NHK朝の連ドラ「半分青い」の舞台になっている岐阜から、素敵なミニプレスが届きました。タイトルは「Edit Gifu」(864円)。

内容は盛り沢山ですが、本好きなら、古書店「徒然舎」の記事を先ずお読みいただきたいです。当店の一箱古本市にも、毎年面白い本を選書して出してもらっている素敵なお店です。『「古書と古本 徒然舎」をめぐる4人の考察』と題して、数ページに渡る特集が組まれています。4人の方々が「徒然舎さんで購入した印象深い本」の解説をされています。探していた、向田邦子の愛読書「酒吞みのまよい箸」(浅野陽)を見つけた方、田村隆一の「スコッチと銭湯」をゲットした方など、それぞれ「徒然舎」との思いを語っています。

「徒然舎さんはどんな場所?」という質問に「ゆっくりと、本に向き合える場所」と答えた方がおられましたが、こんな風にいわれたいものです。店主夫婦の素敵な笑顔のツーショットや、店内の写真が並んでいるのを見て、ご無沙汰しているのでぜひ行ってみたくなりました。

デザイン事務所「リトルクリエイティブセンター」を中心にして、3人の若者が、様々な活動をしている街中のビルがあります。1Fは、内外の文房具を販売する「ALASUKA BUNGU」。2Fは、出版社「さかだちブックス」。ここから出版された「私的岐阜観光案内」(350円)、「地方に住み始めました 岐阜市編」(702円)は当店でもお取り扱いしています。そして、3〜4Fがデザイン事務所。ここを運営する3人のロングインタビューが載っています。等身大に、無理をせずに、地道にやったきた彼らのヒストリーを読むことができます。

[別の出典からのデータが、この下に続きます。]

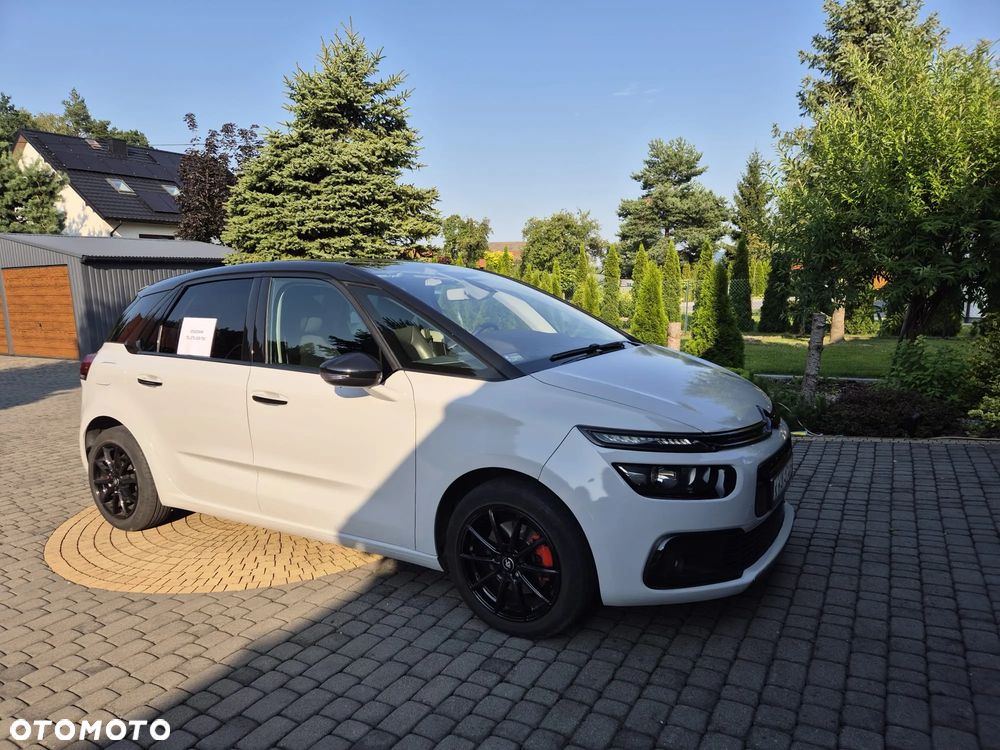 Citroën C4 Picasso BlueHDi 150 SELECTION - 3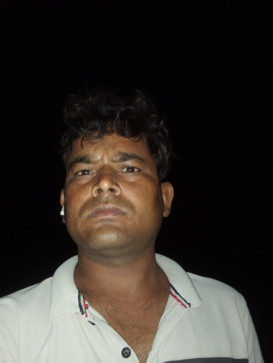 Paras Solanki, 20, India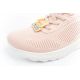 6. Skechers Bobs Squad Sneakers Slip-ins W 117497/LTPK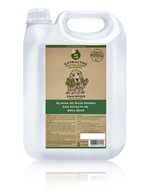 Ficha técnica e caractérísticas do produto PetLab Extractos - Shampoo Neutralizador de Odores para Cães - Erva Doce - 5 Litros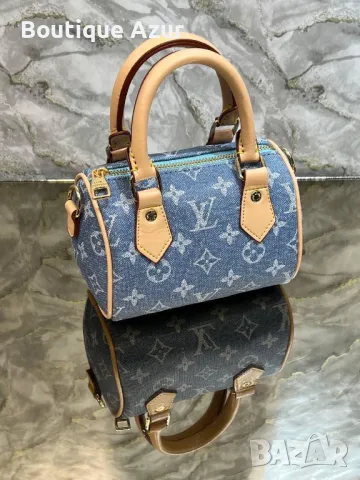мини чанти louis vuitton , снимка 9 - Чанти - 50319912
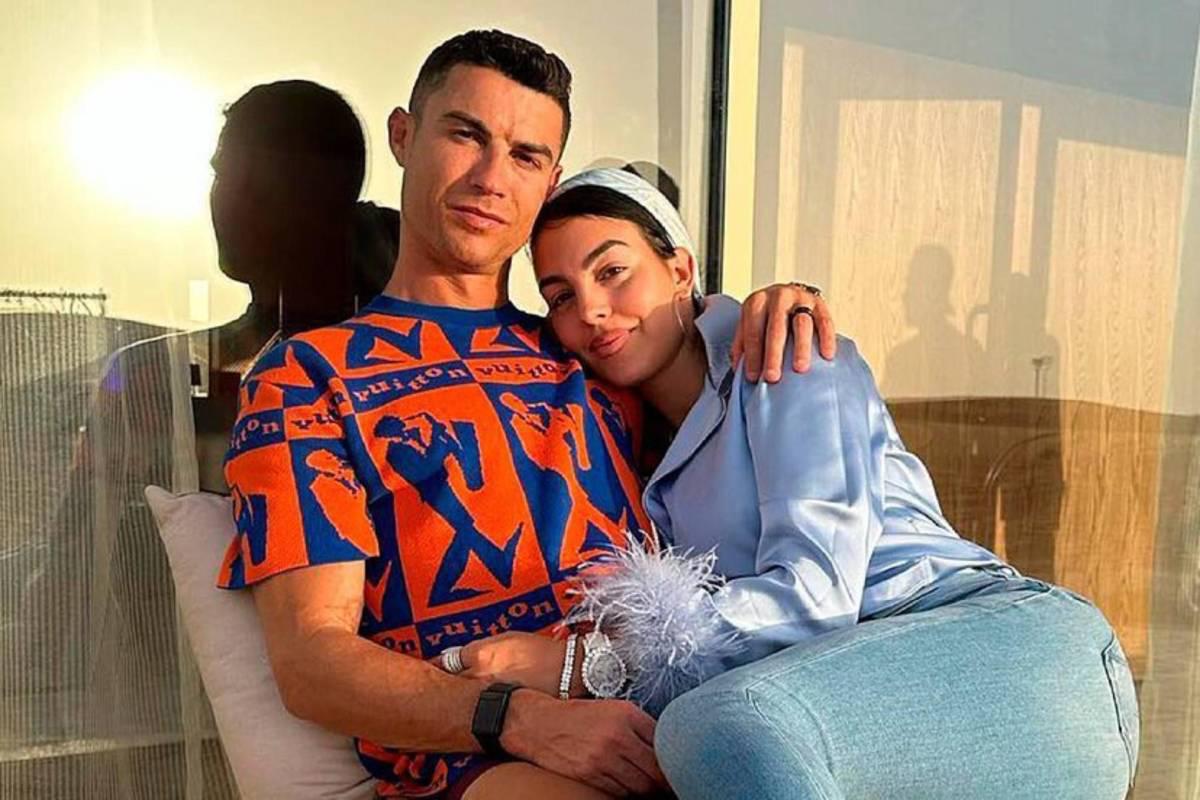 Cristiano Ronaldo ya lo había adelantado: revelan el verdadero motivo por el que CR7 se va a casar con Georgina Rodríguez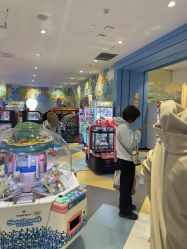 -meland亲子乐园•派对•研学(苏州悠方购物中心店)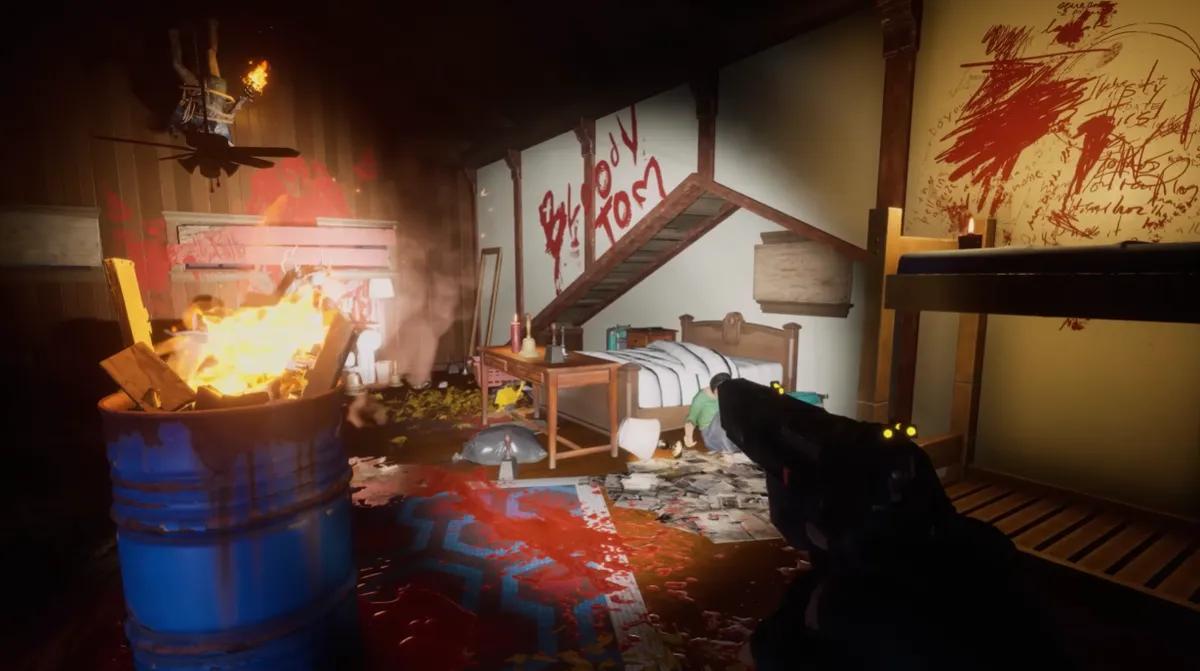 Harvey Smith habla del final de Arkane y de la larga sombra de Redfall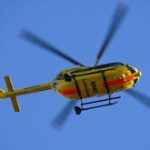 Notfälle: ADAC-Rettungshubschrauber fliegen knapp 49.000 Einsätze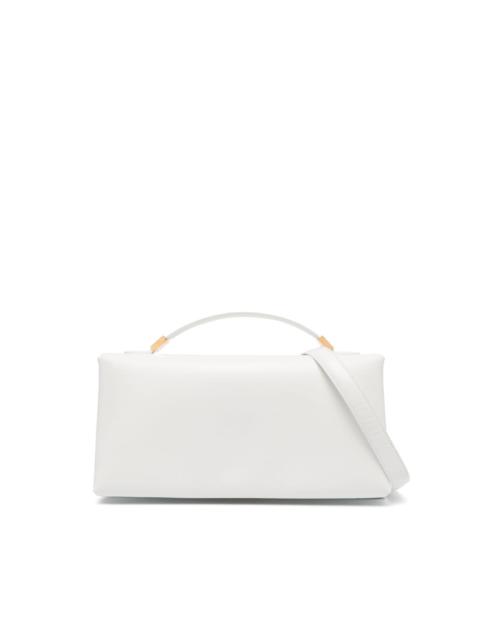 Marni Prisma padded leather bag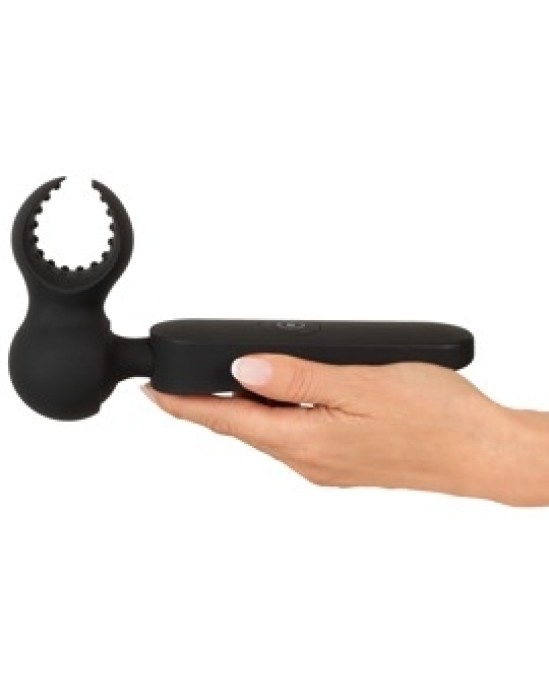 Couples Choice Wand Vibrator w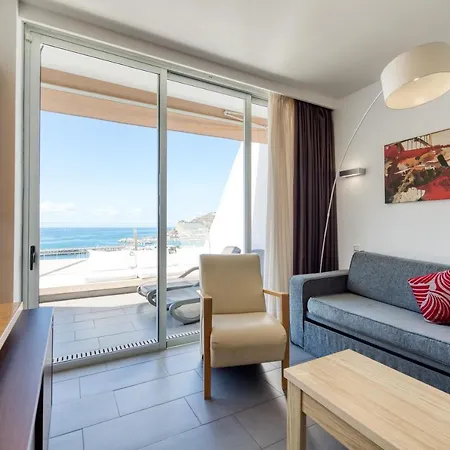 Club Puerto Calma Apartment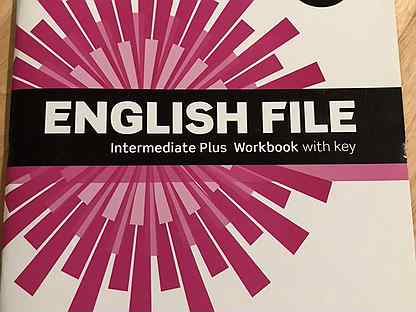 Инглиш файл интермедиат. English file (3rd Edition): Intermediate Plus комплект. English file Intermediate Plus. English file. Intermediate. Инглиш файл интермедиат плюс.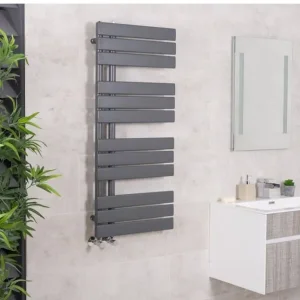 Bathroom radiator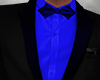 Parliament shirt suit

一つ面白い場所を見つけました。昭和の名作を”フィルム”で上映する珍しい映画館「ロイヤル劇場」です。1作品1週間交代で上映とか。古いフィルムを取り寄せると、痛みが激しく、フィルムをつなぎ合わせる作業が待っています。でも、そんな作業すら、支配人は喜々としてされているみたいです。今や、デジタル上映全盛の時代、こういうフィルムに拘る映画館は貴重です。今、上映されいるのは、昭和38年日活映画「アカシアの雨がやむとき」。西田佐知子(知らない人も多いかも。関口宏さんの奥さんです)のヒット曲を元にした、典型的な歌謡曲映画。こんな作品まだ残っていたんですね!観たいなぁ〜。

美川憲一のヒット曲「柳ヶ瀬ブルース」で有名な夜の柳ヶ瀬やら、スウィーツやら、食の情報も満載の「Edit Gifu」です。これをお供に岐阜へ行きましょう!